[NeonNe]

Hi, new undergrad here. I was hoping someone could help me get the ball rolling with theoretical yield calculations I need to work out. Need to figure out the Lead compounds in the products and finding it a little confusing.

2 reactions - Start using 3g Pb₃O₄ (s) with 100cm³ HNO₃ (aq)

(1) Pb₃O₄ (s) + 4HNO₃ (aq) ----> PbO₂ (s) + 2Pb(NO₃)₂ (aq) + 2H₂O

The 2Pb(NO₃)₂ (aq) was then split into two 50cm³ samples. One 50cm³ portion was boiled off to yield lead nitrate crystals and the other was taken for the next reaction:

(2) 3Pb(NO₃)₂ (aq) + 2NaCO₃ (aq) + 2NaOH (aq) ---> Pb(OH)₂.2PbCO₃ (s) + 6NaNO₃ (aq)

Any hints or tips would be very much appreciated.

[Borek]

This is simple stoichimetry, hard to tell where your problem lies.

http://www.chembuddy.com/?left=balancing-stoichiometry&right=stoichiometric-calculations

[NeonNe]

Hi Borek, thanks for the reply.

My knowledge of stoichimetry is admittedly quite basic thus far.
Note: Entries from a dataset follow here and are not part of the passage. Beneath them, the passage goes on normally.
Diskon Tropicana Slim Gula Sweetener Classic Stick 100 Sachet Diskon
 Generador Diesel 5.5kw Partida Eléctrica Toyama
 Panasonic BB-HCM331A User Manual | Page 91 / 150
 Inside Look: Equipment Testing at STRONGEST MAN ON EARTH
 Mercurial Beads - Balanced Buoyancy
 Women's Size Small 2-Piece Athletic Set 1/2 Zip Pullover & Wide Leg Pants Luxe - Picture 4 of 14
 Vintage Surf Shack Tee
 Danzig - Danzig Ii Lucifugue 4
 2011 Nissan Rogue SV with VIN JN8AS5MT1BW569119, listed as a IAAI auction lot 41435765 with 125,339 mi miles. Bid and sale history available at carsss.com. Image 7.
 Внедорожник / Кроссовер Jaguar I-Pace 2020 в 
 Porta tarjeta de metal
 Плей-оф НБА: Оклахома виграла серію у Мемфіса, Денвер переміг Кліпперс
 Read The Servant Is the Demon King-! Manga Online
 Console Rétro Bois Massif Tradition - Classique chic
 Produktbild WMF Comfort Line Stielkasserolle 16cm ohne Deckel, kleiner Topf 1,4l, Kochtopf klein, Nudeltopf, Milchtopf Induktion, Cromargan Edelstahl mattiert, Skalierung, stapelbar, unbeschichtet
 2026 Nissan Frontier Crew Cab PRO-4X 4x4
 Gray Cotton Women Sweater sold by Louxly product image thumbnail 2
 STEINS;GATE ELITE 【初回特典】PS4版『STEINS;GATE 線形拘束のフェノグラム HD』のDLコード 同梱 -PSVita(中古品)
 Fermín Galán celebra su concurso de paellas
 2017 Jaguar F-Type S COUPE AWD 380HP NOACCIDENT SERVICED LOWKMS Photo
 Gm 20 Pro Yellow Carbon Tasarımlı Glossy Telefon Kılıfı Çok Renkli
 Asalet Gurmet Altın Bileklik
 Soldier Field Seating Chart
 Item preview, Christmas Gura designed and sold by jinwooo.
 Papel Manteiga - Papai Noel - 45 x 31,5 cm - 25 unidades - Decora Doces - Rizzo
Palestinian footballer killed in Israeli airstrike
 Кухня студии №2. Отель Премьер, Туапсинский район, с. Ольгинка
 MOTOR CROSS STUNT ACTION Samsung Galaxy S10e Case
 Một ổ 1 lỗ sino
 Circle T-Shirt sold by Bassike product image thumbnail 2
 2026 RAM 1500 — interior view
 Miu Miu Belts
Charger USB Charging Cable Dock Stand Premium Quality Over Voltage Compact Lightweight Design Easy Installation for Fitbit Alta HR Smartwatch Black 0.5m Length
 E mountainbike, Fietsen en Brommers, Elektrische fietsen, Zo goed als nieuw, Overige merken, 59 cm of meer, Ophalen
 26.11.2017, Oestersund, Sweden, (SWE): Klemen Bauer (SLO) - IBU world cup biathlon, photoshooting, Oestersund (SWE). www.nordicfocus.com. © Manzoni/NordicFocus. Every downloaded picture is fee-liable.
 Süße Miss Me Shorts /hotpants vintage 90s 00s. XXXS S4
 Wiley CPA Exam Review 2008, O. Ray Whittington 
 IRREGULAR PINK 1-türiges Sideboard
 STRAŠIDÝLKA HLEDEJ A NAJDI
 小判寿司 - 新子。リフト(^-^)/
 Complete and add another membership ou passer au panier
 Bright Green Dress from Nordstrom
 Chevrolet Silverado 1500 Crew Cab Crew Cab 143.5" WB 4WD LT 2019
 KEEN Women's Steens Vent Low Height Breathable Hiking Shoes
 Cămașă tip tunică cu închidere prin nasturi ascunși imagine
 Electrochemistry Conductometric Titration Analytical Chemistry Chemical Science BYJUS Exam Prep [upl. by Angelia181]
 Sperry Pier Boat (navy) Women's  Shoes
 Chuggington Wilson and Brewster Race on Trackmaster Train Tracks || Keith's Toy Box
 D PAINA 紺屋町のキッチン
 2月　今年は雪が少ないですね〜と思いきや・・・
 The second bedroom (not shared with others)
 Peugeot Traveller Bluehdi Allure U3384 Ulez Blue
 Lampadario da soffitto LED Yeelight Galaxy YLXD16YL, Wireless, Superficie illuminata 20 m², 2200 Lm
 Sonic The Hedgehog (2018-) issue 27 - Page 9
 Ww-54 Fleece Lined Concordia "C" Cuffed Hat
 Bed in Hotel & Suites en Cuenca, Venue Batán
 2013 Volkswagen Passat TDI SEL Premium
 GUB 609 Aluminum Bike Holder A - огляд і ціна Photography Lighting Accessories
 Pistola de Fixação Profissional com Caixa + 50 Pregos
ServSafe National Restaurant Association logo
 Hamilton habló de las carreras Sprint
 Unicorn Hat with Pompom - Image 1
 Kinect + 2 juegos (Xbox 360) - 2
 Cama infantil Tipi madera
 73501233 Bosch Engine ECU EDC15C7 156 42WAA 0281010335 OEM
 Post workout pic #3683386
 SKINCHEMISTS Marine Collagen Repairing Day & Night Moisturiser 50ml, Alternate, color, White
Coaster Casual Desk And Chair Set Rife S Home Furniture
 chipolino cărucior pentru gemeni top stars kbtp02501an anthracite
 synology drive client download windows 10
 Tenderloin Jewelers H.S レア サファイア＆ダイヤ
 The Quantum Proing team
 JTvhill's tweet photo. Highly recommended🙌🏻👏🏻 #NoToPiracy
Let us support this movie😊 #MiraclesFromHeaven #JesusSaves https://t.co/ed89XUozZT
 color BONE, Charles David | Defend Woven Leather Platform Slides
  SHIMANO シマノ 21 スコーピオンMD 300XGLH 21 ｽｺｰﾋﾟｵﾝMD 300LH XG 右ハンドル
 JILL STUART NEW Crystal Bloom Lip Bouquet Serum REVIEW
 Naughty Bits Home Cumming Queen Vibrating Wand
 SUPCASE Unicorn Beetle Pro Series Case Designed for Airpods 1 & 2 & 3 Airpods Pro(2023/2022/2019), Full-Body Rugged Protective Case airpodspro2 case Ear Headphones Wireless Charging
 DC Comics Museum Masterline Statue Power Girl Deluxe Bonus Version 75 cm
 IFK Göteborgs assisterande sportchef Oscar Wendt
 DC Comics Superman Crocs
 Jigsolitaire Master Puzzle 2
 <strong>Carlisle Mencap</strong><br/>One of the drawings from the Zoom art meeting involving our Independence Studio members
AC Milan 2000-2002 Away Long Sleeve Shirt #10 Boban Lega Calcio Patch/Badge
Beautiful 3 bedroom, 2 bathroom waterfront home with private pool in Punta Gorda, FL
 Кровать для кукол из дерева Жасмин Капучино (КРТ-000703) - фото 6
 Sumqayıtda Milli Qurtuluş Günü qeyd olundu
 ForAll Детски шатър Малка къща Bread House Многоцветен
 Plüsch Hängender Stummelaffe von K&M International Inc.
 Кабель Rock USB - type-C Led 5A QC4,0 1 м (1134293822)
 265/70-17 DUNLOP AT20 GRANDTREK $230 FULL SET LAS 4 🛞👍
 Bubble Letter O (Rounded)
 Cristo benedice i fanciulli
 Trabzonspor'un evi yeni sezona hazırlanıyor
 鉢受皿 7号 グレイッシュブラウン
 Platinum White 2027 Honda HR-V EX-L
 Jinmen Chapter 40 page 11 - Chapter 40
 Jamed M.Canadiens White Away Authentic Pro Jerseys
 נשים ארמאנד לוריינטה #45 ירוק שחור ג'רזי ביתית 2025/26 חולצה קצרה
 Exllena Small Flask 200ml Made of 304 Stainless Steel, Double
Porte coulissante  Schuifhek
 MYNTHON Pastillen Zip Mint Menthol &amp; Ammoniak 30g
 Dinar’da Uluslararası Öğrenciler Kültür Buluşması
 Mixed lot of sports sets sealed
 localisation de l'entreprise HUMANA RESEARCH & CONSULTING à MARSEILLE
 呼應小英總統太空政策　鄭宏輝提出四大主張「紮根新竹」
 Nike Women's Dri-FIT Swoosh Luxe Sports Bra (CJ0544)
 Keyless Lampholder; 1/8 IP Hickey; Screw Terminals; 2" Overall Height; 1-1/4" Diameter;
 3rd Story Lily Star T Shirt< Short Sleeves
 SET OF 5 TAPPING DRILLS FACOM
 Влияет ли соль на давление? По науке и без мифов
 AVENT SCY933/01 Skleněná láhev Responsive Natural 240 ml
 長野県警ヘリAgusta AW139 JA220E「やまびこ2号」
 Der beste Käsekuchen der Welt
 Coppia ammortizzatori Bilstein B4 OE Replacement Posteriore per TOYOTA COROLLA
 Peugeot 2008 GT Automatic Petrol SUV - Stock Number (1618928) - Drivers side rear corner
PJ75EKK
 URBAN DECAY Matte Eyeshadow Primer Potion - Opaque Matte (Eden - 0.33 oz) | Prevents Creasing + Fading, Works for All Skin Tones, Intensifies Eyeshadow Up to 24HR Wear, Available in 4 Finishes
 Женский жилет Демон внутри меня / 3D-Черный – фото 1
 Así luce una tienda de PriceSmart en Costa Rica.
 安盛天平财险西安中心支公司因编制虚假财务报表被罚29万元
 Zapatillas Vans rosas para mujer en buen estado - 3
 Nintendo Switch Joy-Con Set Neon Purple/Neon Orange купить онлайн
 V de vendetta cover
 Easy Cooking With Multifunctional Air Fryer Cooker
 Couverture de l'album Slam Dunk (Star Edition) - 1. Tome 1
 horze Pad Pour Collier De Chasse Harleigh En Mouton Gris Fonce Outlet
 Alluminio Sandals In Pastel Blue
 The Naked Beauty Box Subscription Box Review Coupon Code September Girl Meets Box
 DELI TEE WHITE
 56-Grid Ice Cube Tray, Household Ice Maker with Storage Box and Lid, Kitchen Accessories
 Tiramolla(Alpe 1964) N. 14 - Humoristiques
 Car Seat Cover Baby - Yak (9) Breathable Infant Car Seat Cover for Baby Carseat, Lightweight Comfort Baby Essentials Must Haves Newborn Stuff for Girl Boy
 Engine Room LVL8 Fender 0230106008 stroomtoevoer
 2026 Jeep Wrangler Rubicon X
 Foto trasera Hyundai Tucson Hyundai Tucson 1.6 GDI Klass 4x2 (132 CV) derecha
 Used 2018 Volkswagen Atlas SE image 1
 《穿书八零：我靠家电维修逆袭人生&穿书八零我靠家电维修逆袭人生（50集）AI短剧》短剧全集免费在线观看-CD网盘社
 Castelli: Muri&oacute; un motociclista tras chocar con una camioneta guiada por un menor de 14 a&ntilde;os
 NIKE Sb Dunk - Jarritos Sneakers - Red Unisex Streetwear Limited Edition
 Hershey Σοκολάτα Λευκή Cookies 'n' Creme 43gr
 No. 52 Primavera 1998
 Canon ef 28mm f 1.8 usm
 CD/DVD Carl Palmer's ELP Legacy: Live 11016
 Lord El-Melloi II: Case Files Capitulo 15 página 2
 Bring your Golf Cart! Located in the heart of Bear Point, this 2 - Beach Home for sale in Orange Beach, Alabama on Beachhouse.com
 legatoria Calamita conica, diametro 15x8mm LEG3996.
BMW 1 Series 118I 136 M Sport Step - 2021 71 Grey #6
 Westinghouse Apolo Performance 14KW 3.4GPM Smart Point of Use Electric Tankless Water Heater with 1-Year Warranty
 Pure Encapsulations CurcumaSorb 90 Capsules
The double product in the first reaction and the fact one of them is split in half to provide for the next reaction throws me off in my calculations.

Basically im using 0.004 mol Pb₃O₄ which is the limiting reagent. Does this mean I get 0.004 mol PbO₂ + 2Pb(NO₃)₂ combined and should divide it into the correct ratio?

Sorry if this is basic stuff, im quite new to chemistry and I haven't been able to find any similar examples to this.

[Borek]

CHeck the page I have linked to. Then think: how many moles of PbO₂ will be produced from 1 mole of Pb₃O₄? That's all in stoichiometric coefficients.

[NeonNe]

I get that, what about the 2Pb(NO₃)₂ which is also a product of the reaction?

[Borek]

Exactly the same approach. Look at the stoichiometric coefficients.

[NeonNe]

So 1 mole ----> 3 mole + 1.5 mole?

[Borek]

So 1 mole ----> 3 mole + 1.5 mole?

Hm, where did you get 3 and 1.5 from? Just look at the reaction equation:

Pb₃O₄ + 4HNO₃ -> PbO₂ + 2Pb(NO₃)₂ + 2H₂O

1 mole ----> . + .

What are the stoichiometric coefficients?

[NeonNe]

If I knew that then I can only assume I wouldn't be here trying to learn. I think you overestimate my understanding.

[Borek]

Looks like you are missing most basic things... Stoichiometric coefficients are part of the balanced reaction equation:

1Pb₃O₄ + 4HNO₃ -> 1PbO₂ + 2Pb(NO₃)₂ + 2H₂O

Nothing more fancy than just reading these numbers and using them in the way described on the page I linked to much earlier.

[NeonNe]

I appreciate your help. As I stated, im new to this.

So my understanding is 1 mole --> 1 mole + 2 mole? If so I think I have that done out in my workings from last night, I just wasn't sure if it was correct or not.

[Borek]

So my understanding is 1 mole --> 1 mole + 2 mole?

That's correct.

[NeonNe]

Great, I think I have that done already.

Pb₃O₄ (3g) + 4HNO₃ ----> PbO₂ + 2Pb(NO₃)₂ + 2H₂O

0.004mol ---> 0.004 mol + 0.008 mol

239.2g/mol X 0.004 = 0.95g PbO2
331.2g/mol X 0.008 = 2.65g 2Pb(NO₃)₂

2.65g was halved - 1.325g 2Pb(NO₃)₂ taken for next reaction


3Pb(NO₃)₂ (1.325g) + 2NaCO₃ + 2NaOH ---> Pb(OH)2.2PbCO₃ + 6NaNO₃

0.004 mol ---> 0.004 mol (1:1)

508.4g/mol X 0.004 = 2.03g Pb(OH)2.2PbCO₃

Am I on the right track now?

[Borek]

Much better, although 3 g of Pb₃O₄ is not 0.004 mole. Well - it is, if you round the number, but you shouldn't use rounded number in calculations, you round only the reported results.

And in the second reaction stoichiometric ratio is not 1:1.

[NeonNe]

Thanks I will amend the first part.

However in the second reaction there are 3 atoms of Pb on each side of the reaction, I don't get how the stoichiometric ratio could be different?